The program then arrays these numbers, each linking to specified chunks of text and translation. Each chunk of text is linked numerically with each chunk of translation. For example, the numbered chunk “12” in a “text” row can be linked with the number “12” in a “translation” row. As illustrated in FIG. 5, the computer program can create an array 530 of matching sets of numbers 535 associated with specific chunks of both text and translation. Within this array, for example, the string “12:12” associates the second chunk of the number on the first line of text with the second chunk on the first line of translation. So then, to align the chunks of text and translation in a variable plurality of output formats 550, the program simply refers to the array of numbers 535 that it created, then fetches the associated text strings, and then proceeds to print them together 550, in alignment 666.
This array is used to fetch the chunks and align them consistently in variable output formats. As is illustrated in FIG. 6, FIG. 7, and FIG. 10, there are variable outputs 550 that require separate formatting of the array 535 created by the computer program in FIG. 5. It is also important to note that not all possible alignable output formats are listed here. The examples provided serve as evidence to show that the system can constantly align chunks in a plurality of outputs.
Users can, if desired, alternate the chunks to make explicitly bilingual texts. As illustrated in FIG. 13, the strongly styled “text” part of the total presentation can be configured to alternate with translation chunks. For example, in FIG. 13, one line of strongly styled text says “make la comparación between las dos easier” 1330. The configuration can vary the number of chunks alternated. The resulting explicitly bilingual “weaving” of words in both languages can provide a language learner with a familiar context of easily visible known words in association with less familiar new words. Each corresponding and equally alternating chunk of text or translation continues to appear in constant alignment 666. Whether or not a user alternates or mixes the chunks, the alignment 666 of the chunks and the variably printed output format remain the same.
Users can control the alignment. For example, the user can align the chunks to the left, centered, or to the right. Note that the lower left “alignment” 830 illustrated in the figures is preferred, but not the only useful embodiment. For example, if a user prefers, the program can be easily modified to align chunks of translation to appear centered directly under each chunk of corresponding text. Alternatively, the chunks of translations could be aligned flush to the right of each chunk of text. Alternatively, the chunks of translation could be aligned above the chunks of text. The preferred embodiment illustrated in FIG. 6 may be the simplest, but should not be understood as the only possible form of chunk translation alignment.
While the aligned outputs described in this specification are widely useful in common text editing and printing environments, the disclosed list is not limiting. Rather, it identifies representative common and useful text environments in which aligned chunk translation output can be produced with relative ease. The alignment formats listed also serve to show chunks in constant alignment while in variable outputs.

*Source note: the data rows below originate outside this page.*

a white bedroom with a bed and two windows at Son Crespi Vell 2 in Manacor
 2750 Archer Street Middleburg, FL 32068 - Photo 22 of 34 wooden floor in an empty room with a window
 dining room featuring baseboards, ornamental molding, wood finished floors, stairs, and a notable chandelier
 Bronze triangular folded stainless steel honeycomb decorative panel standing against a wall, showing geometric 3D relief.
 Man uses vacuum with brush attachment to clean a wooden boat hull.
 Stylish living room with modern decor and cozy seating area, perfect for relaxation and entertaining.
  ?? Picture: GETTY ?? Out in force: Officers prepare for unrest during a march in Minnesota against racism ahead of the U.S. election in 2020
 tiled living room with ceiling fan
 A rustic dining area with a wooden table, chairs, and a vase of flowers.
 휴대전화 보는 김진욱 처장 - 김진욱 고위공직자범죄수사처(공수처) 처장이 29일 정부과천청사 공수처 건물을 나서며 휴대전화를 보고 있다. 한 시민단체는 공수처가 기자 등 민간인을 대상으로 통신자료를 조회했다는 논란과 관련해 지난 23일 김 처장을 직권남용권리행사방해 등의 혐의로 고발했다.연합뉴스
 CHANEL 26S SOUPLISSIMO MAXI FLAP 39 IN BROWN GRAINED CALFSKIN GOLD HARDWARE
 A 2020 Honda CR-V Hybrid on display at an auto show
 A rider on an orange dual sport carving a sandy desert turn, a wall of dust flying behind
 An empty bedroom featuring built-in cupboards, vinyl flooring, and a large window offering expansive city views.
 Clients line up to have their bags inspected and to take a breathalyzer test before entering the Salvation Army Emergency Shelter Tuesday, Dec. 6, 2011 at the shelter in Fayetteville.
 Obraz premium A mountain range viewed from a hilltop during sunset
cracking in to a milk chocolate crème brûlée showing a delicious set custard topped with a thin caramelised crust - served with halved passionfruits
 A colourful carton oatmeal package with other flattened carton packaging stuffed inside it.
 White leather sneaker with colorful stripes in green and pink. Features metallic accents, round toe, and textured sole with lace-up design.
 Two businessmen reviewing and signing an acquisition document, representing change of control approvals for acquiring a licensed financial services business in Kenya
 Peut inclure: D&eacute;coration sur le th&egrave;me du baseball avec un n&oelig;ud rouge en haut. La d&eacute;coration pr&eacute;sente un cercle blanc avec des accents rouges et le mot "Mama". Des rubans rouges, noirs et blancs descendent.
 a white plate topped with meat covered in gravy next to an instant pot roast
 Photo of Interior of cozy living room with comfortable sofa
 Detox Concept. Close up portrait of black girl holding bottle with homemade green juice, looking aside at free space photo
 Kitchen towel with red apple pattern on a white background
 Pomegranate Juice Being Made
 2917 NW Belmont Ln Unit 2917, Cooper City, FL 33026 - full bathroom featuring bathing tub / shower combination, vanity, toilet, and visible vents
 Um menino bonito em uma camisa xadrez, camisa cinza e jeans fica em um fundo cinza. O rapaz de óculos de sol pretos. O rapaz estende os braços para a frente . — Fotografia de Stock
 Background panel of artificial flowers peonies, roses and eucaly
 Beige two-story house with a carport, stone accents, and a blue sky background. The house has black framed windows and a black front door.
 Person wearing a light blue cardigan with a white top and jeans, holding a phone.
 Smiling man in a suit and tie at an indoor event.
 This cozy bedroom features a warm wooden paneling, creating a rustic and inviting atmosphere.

Aligned chunk translation formats can include “simple monospace”, “bifocal preview”, and “table chunk” formats. Each format has distinct advantages. Simple monospace aligns the most basic editable computer typography, which is commonly used in forms and “Textarea Inputs” on the Internet. Bifocal preview alignment aligns two different sizes of monospace rendered characters, which allows more space for translation content and also provides an editable preview of bifocal formatting. Table chunk alignments are not easily edited, but do enable precise alignment of translation chunks with text chunks, while function with standard text rendering formats like HTML and PDF.
“Simple monospace” alignment is simple and accurate. FIG. 6 represents the most simply aligned form of output: all separate chunks of text and/or translation must be at least two empty spaces apart 444. Thus, if a chunk of text is longer than the corresponding chunk of translation, then additional extra spaces are appended to the chunk of translation, to enable the following chunk of text and corresponding chunk of translation to both begin at the same point of horizontal alignment. Conversely, if a chunk of translation is longer than the corresponding chunk of text, then additional extra spaces are appended to the chunk of text, to thus enable the following chunks of text and translation to both begin at the same point of horizontal alignment.
“Bifocal preview” alignment is generally accurate. FIG. 7 represents a slightly more complex form of aligned output when compared to the FIG. 6 example. The text portion 750 has been enlarged and the translation 752 part has been reduced in font size, so that now more characters of translation can be related to each chunk of text. When the text and translations are rendered in monospace font, and when the text is twice the size of the translation, (for example when the text is sized at 14 points and the translation is sized at 7 points), then, when rendered in monospace fonts, each character of text can accommodate two characters of translation. So the smaller chunks of translation can easily be aligned 666 with the larger chunks of text, again simply by requiring a minimum of two spaces 444 between any two chunks, then appending empty spaces are added as needed either to the chunk of translation or to the text chunk.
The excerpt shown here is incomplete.